-- PROBLEM STATEMENT --
Please return exactly the lines from the one containing "Asian boy relaxed in the beach in Okinawa." through the end of the records, including both.

[Collected data entries]
····················

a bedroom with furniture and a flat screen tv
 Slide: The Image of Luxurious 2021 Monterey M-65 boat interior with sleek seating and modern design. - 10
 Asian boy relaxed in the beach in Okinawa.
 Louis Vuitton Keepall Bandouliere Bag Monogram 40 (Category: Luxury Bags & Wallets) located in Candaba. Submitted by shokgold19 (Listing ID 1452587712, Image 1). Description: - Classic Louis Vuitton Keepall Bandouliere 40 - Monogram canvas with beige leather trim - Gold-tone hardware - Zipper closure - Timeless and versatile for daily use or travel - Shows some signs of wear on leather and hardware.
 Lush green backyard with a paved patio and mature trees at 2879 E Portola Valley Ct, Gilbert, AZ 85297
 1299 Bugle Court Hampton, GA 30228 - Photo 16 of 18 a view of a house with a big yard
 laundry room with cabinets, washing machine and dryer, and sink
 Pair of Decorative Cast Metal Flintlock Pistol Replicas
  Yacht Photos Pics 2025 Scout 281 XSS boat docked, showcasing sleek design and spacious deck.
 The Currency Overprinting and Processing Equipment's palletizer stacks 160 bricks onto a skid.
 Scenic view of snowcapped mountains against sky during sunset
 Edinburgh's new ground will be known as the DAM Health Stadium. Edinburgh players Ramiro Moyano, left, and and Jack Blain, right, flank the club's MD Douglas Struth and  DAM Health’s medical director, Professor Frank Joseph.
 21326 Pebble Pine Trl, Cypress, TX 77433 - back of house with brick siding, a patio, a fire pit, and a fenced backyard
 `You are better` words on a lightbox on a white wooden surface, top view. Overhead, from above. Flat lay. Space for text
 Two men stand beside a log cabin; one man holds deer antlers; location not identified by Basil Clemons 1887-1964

····················

-- YOUR SOLUTION --
 Asian boy relaxed in the beach in Okinawa.
 Louis Vuitton Keepall Bandouliere Bag Monogram 40 (Category: Luxury Bags & Wallets) located in Candaba. Submitted by shokgold19 (Listing ID 1452587712, Image 1). Description: - Classic Louis Vuitton Keepall Bandouliere 40 - Monogram canvas with beige leather trim - Gold-tone hardware - Zipper closure - Timeless and versatile for daily use or travel - Shows some signs of wear on leather and hardware.
 Lush green backyard with a paved patio and mature trees at 2879 E Portola Valley Ct, Gilbert, AZ 85297
 1299 Bugle Court Hampton, GA 30228 - Photo 16 of 18 a view of a house with a big yard
 laundry room with cabinets, washing machine and dryer, and sink
 Pair of Decorative Cast Metal Flintlock Pistol Replicas
  Yacht Photos Pics 2025 Scout 281 XSS boat docked, showcasing sleek design and spacious deck.
 The Currency Overprinting and Processing Equipment's palletizer stacks 160 bricks onto a skid.
 Scenic view of snowcapped mountains against sky during sunset
 Edinburgh's new ground will be known as the DAM Health Stadium. Edinburgh players Ramiro Moyano, left, and and Jack Blain, right, flank the club's MD Douglas Struth and  DAM Health’s medical director, Professor Frank Joseph.
 21326 Pebble Pine Trl, Cypress, TX 77433 - back of house with brick siding, a patio, a fire pit, and a fenced backyard
 `You are better` words on a lightbox on a white wooden surface, top view. Overhead, from above. Flat lay. Space for text
 Two men stand beside a log cabin; one man holds deer antlers; location not identified by Basil Clemons 1887-1964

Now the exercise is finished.